都心型超ミニステージ『ウインド・ストリート』

スペースがないなんて言わせない!

鉄道模型、特にレイアウトはスペースが必要だから諦めている。そういうことをたまに耳にします。

私もずっと諦めていました。 何回か挫折もしました。
このサイズならできるんじゃないかと思って、小さな1周だけのレイアウトを作ってみたり、棚の端に少しだけ線路を敷いてみたり。
でも、結局少しすると遊ばなくなってしまって、やっぱり大きくて列車が何両も走らないとつまらないのだと考えていました。

そして、ついに出来ました。
たたみ一畳どころか床も必要ない、鉄道模型のためにどこの場所も犠牲にしない最小レイアウトです。
『ウインド・ストリート』は窓枠に設置されています。その大きさはなんと110cm×15cm。だからウインド・ストリートという名前です。

しかも、いつでも撤去してしまうことができます。
それでもストラクチャーも気分で載せ替えられますし、列車だって最大3列車も走るのです。
特に都心部では極限までスペースはありません。そんな場所でも鉄道模型を走らせられるんだということを、実践してみたかったのです。

ウインド・ストリートには、棚の支線があるのですが、こちらでも140cm×45cmしかありません。
棚の支線では5列車が走り、しかも、同時走行も最大3編成ということができます。

どちらもZゲージではないですよ。
1/87のナローではない普通のHOのレイアウトです。

もう諦めないでください!

「ちゃんと走るのに小さい」という極限に挑戦

ただ『小さい』というサイズにこだわったレイアウトは、世の中に山のようにあります。
本棚の中、引き出しの中とか、靴箱とか……。

私もPIZZAとか呼ばれるような小さなレイアウトを作ったりもしました。
でも、それらの多くは『小さいことが目的』のレイアウトなのです。

特に小さいけれど情景を作り込んでいるという作品はかなりあります。
きれいで芸術品ですね。
でも、私はそういうきれいな芸術品が欲しかったのではなく、鉄道模型が走る場所が欲しかったんです。
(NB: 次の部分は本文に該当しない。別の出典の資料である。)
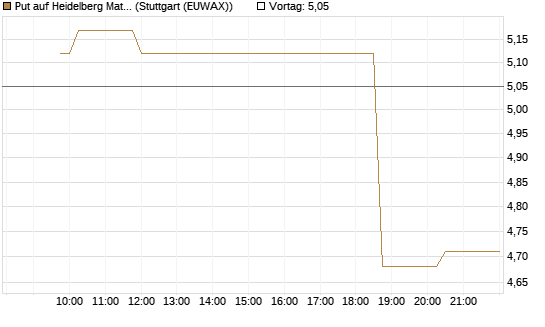 Put auf Heidelberg Materials [Morgan Stanley & Co. Int. plc] Chart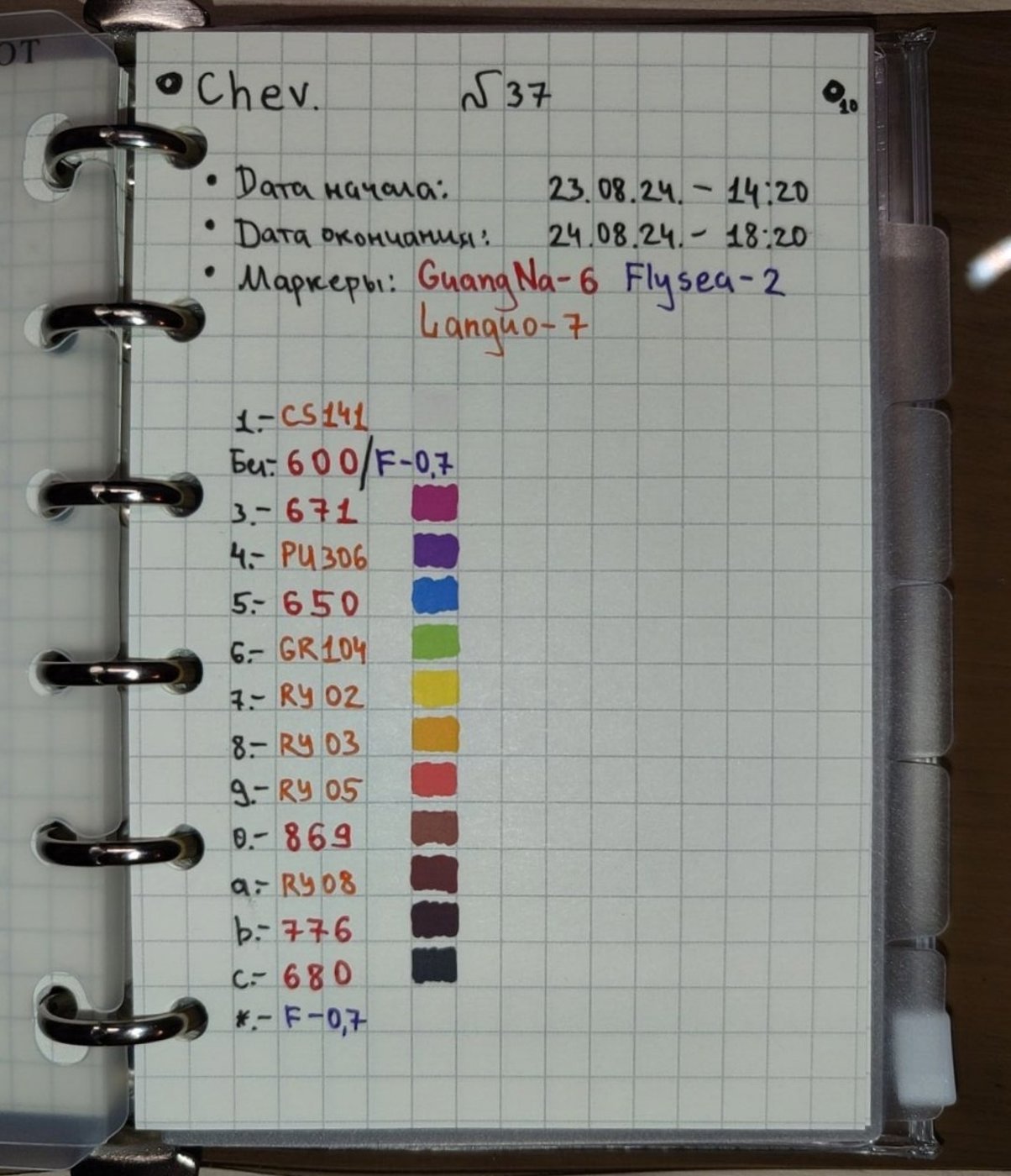 Buttercup - Истрия игрушек 3, 2010 от mnlxt (2/2)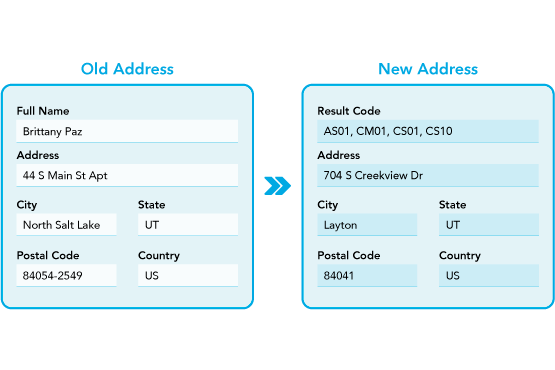 govcloud-ncoalink-processing govcloud-ncoalink-processing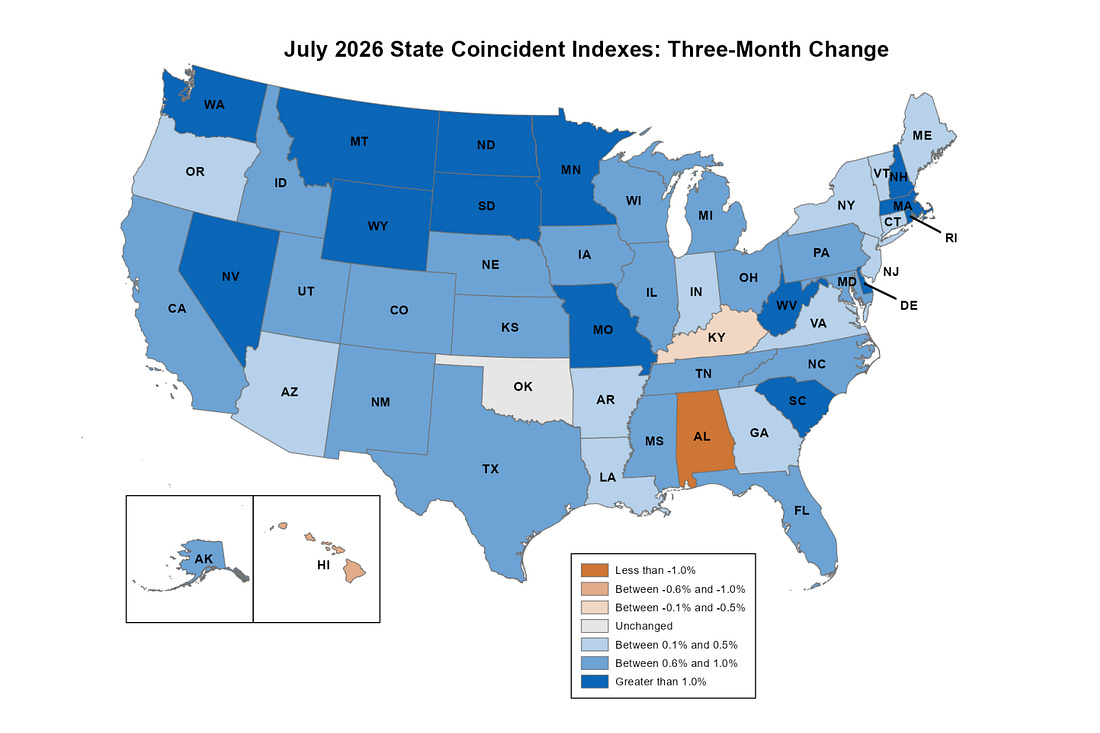 Philly Fed state coincident indexes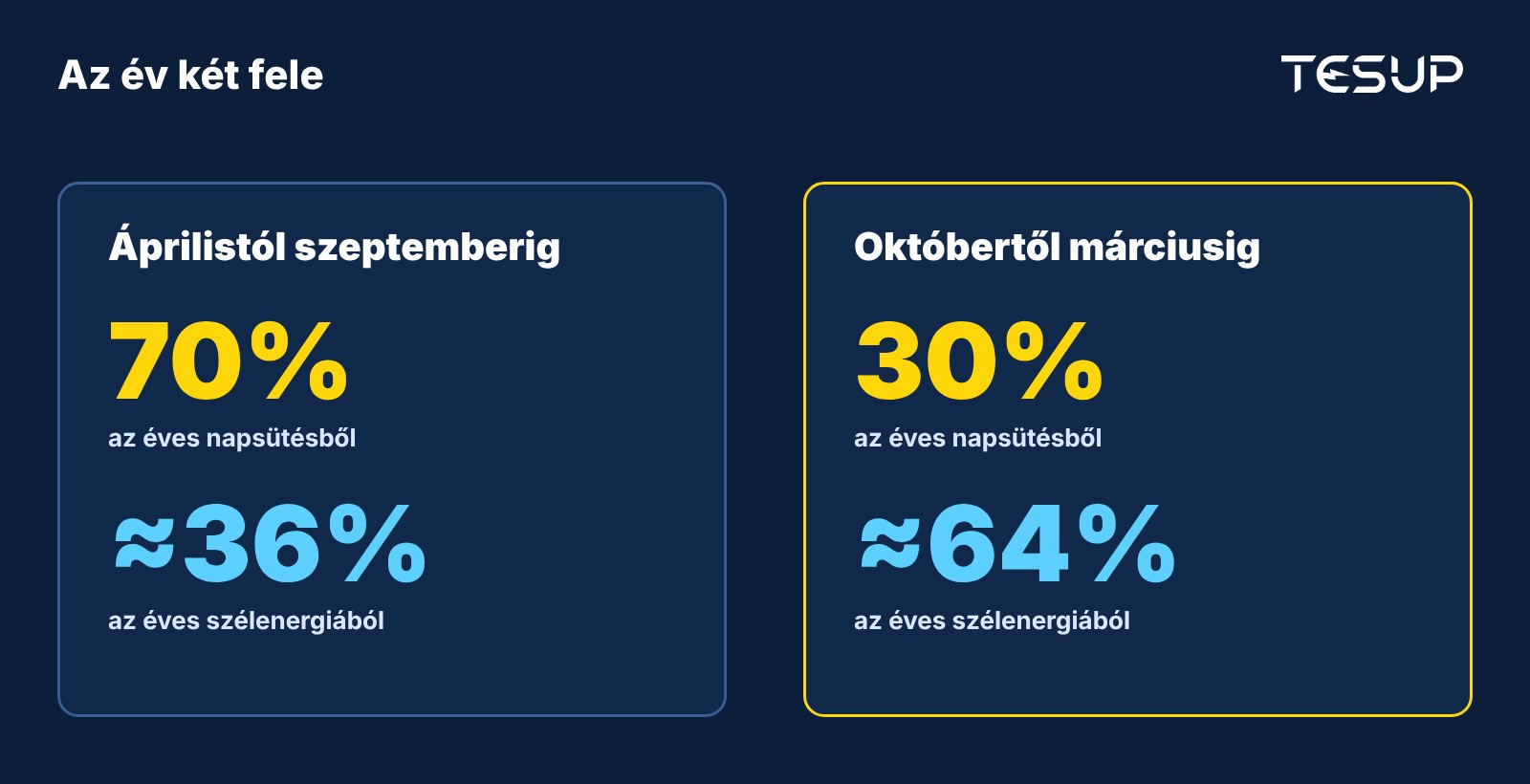Az év két félre osztva: áprilistól szeptemberig jut a napsütés 70%-a, októbertől márciusig a szélenergia körülbelül kétharmada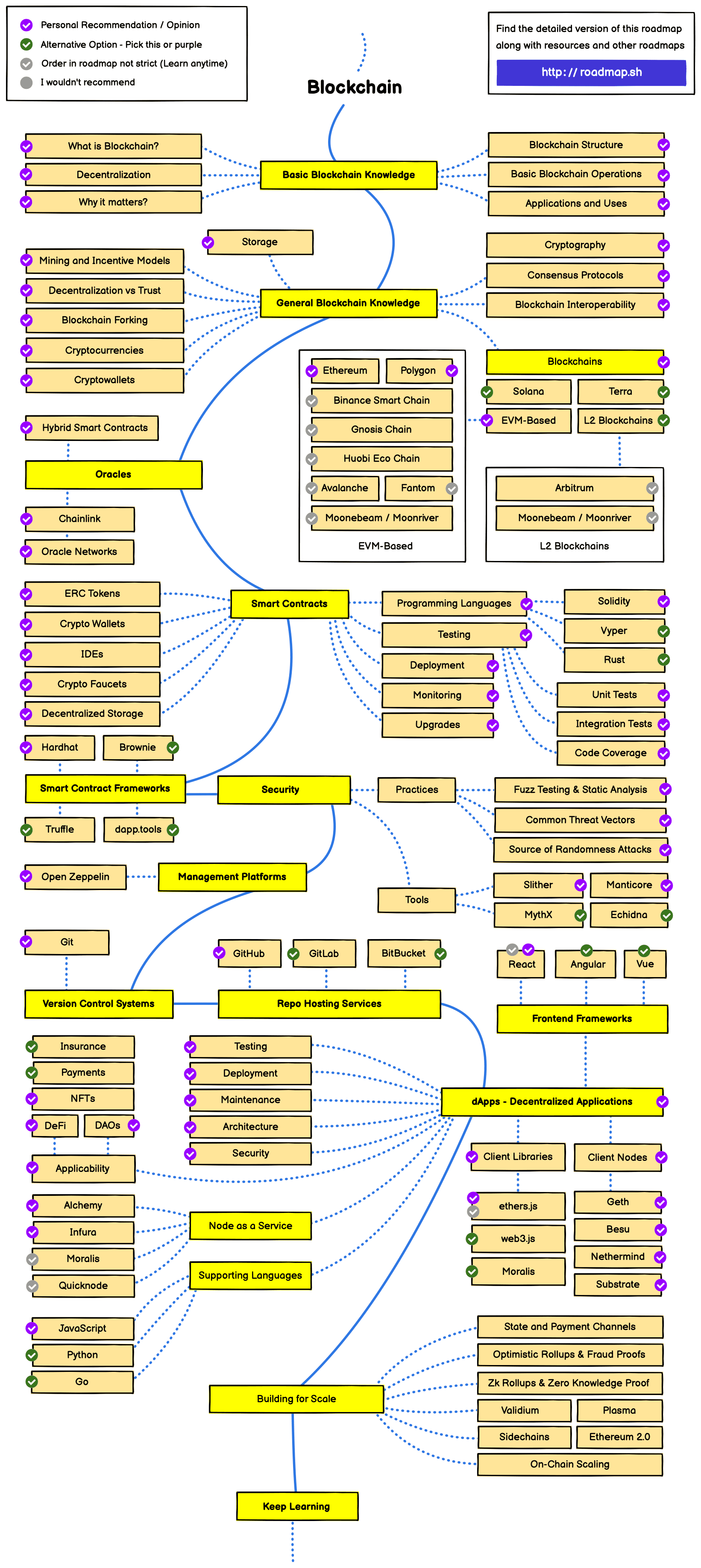 区块链roadmap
小さいからって、ただくるくる走るだけではつまらないんです。
短い距離を単純に往復するだけだと飽きてしまうんです。
小さくても、走らせて楽しくなければ、嫌になってしまう。この点を克服することが最大の難関でした。

小さい方がスキルが必要

小さいと簡単ですぐに出来そうに思いますよね。
そんなことはなくて逆なんです。小さいとかなりテクニックを使わないといけないのです。

ウインド・ストリートは、アルタイル・ハーミテージを作った後に、いちから設計して作りました。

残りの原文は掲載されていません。